> _ASSIGNED TASK_
Instruction for the entries below: return the part that opens with the line containing "Majatalo Lord Of" and closes with the line containing "Affrontements lors des", exactly, and no pictures.

> _RECORD EXTRACTS_

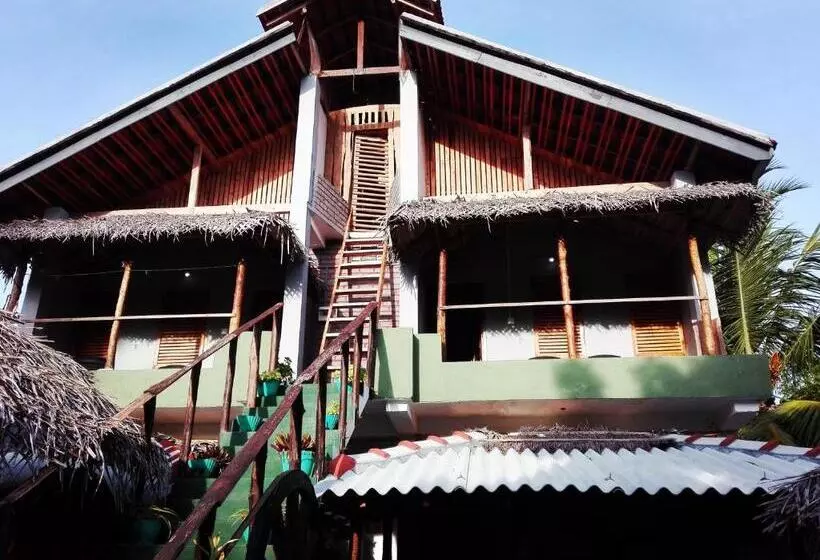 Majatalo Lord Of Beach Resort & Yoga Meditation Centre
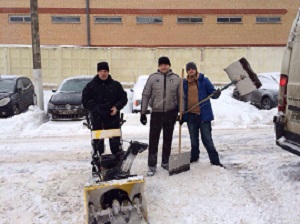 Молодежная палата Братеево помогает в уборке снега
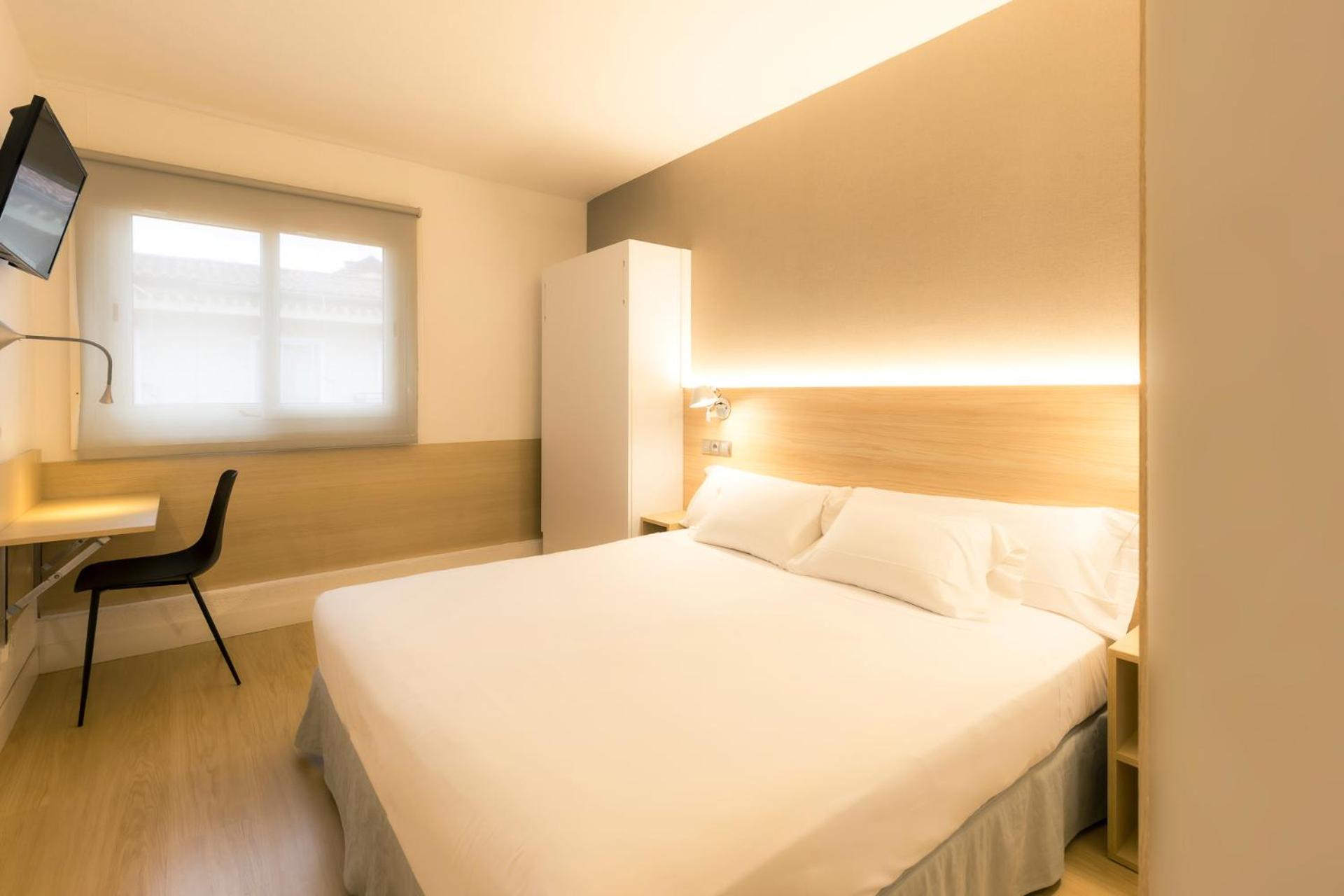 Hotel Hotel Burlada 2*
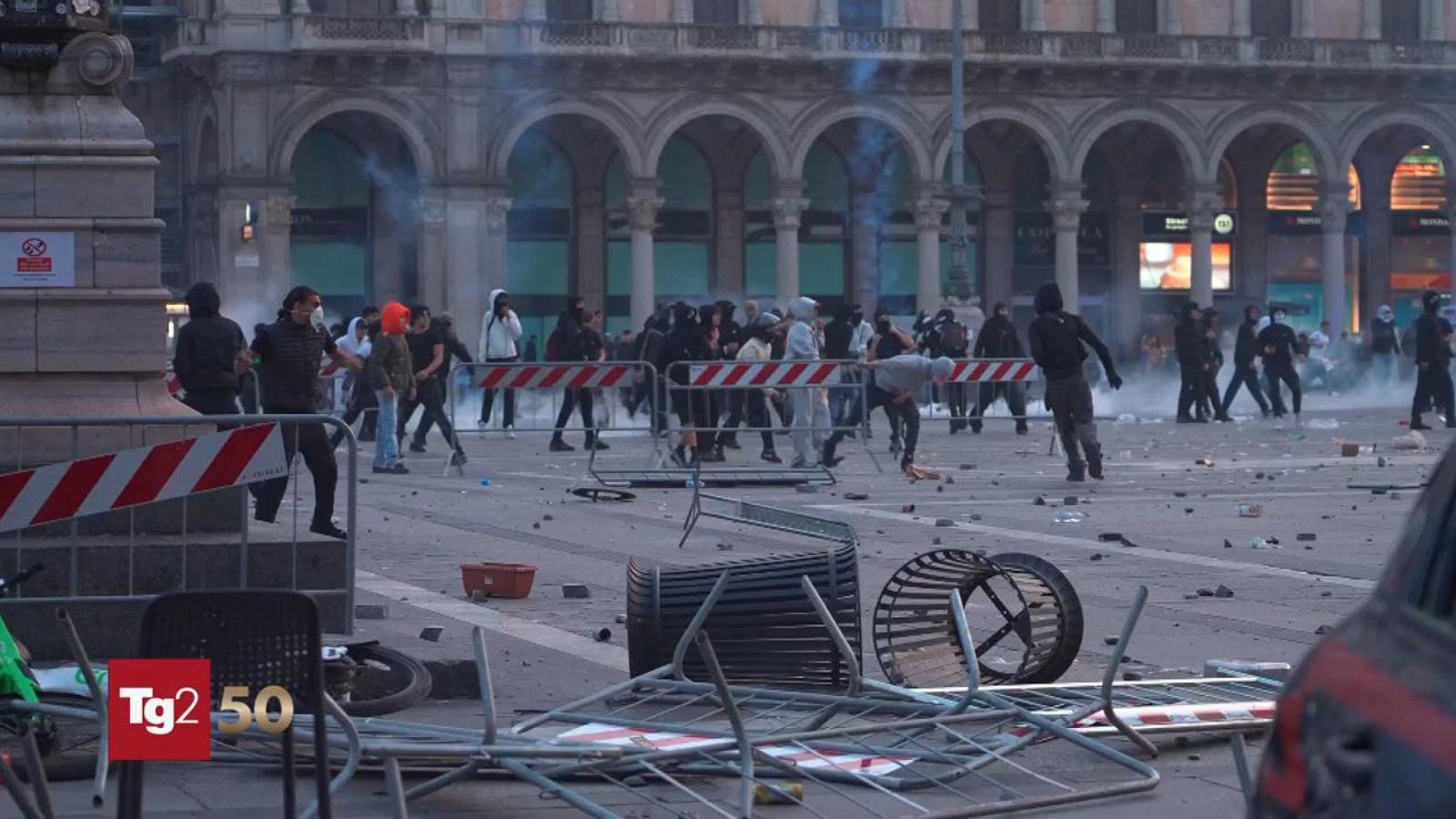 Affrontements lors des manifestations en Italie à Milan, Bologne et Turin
---
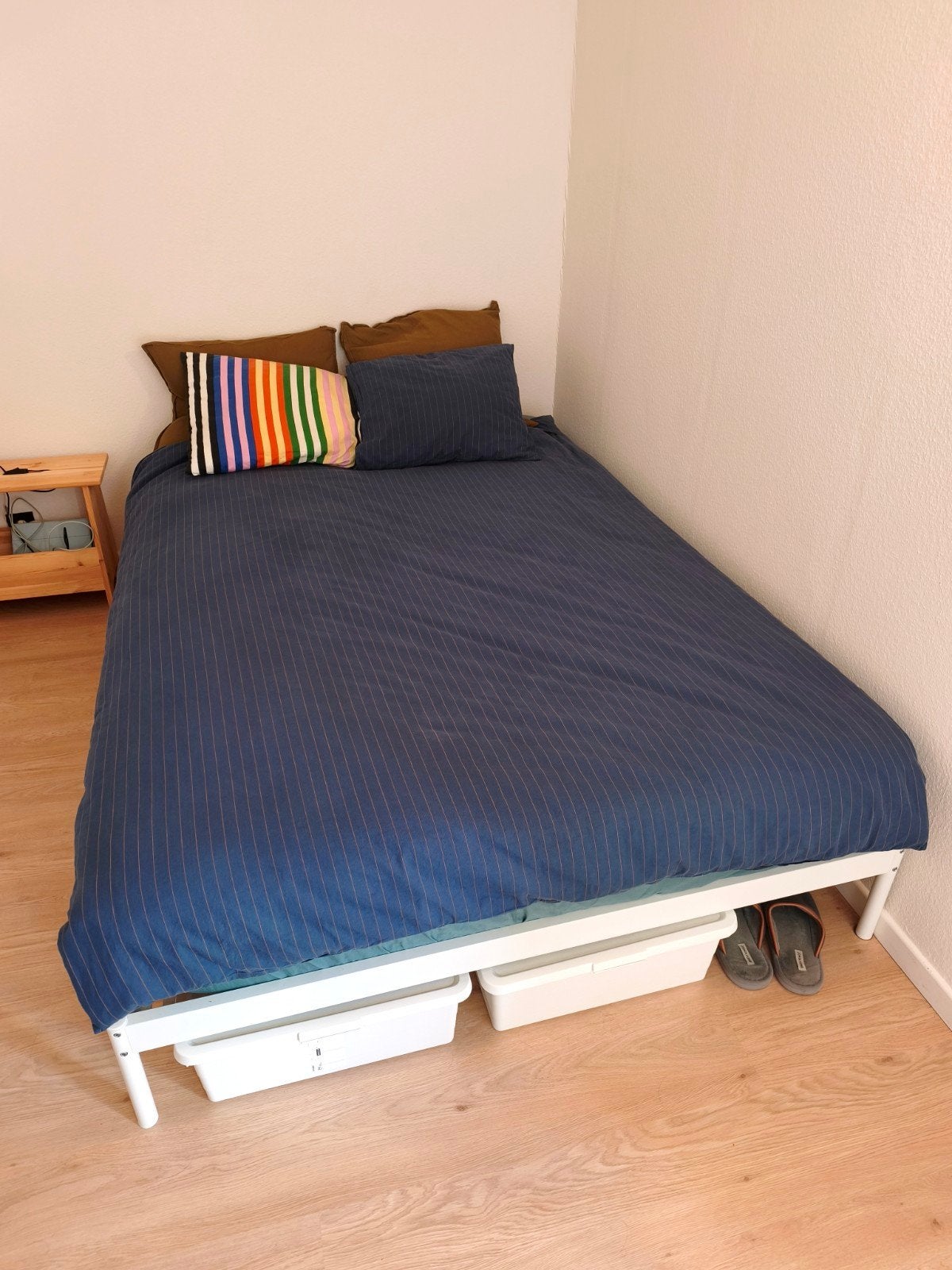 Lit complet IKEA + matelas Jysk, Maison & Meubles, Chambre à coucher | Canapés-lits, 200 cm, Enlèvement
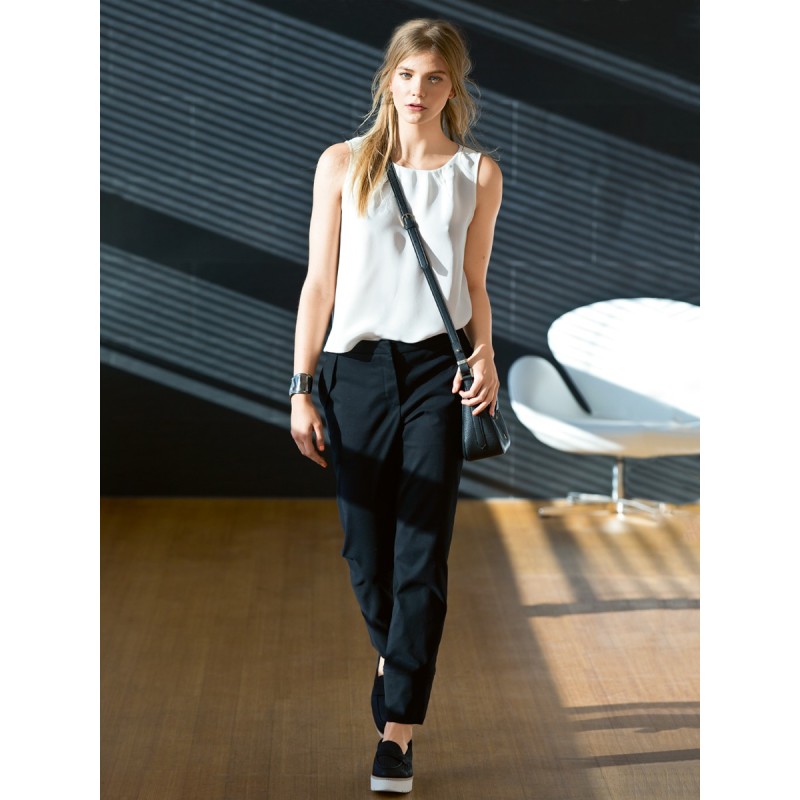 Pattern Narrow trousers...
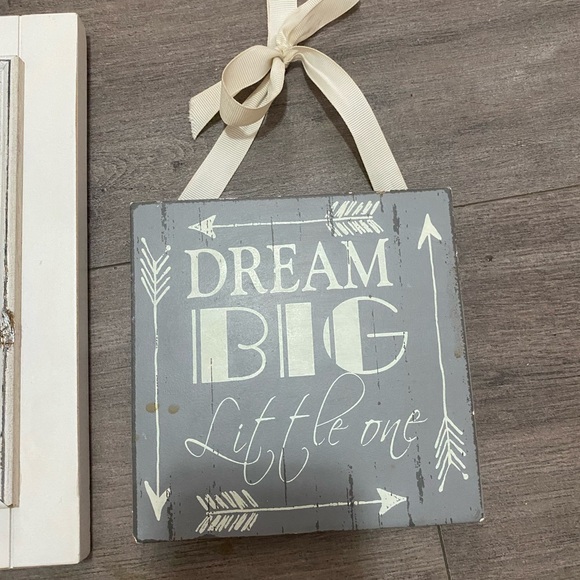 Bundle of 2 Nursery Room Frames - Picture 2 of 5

> _EXPECTED ANSWER_
 Majatalo Lord Of Beach Resort & Yoga Meditation Centre
 Молодежная палата Братеево помогает в уборке снега
 Hotel Hotel Burlada 2*
 Affrontements lors des manifestations en Italie à Milan, Bologne et Turin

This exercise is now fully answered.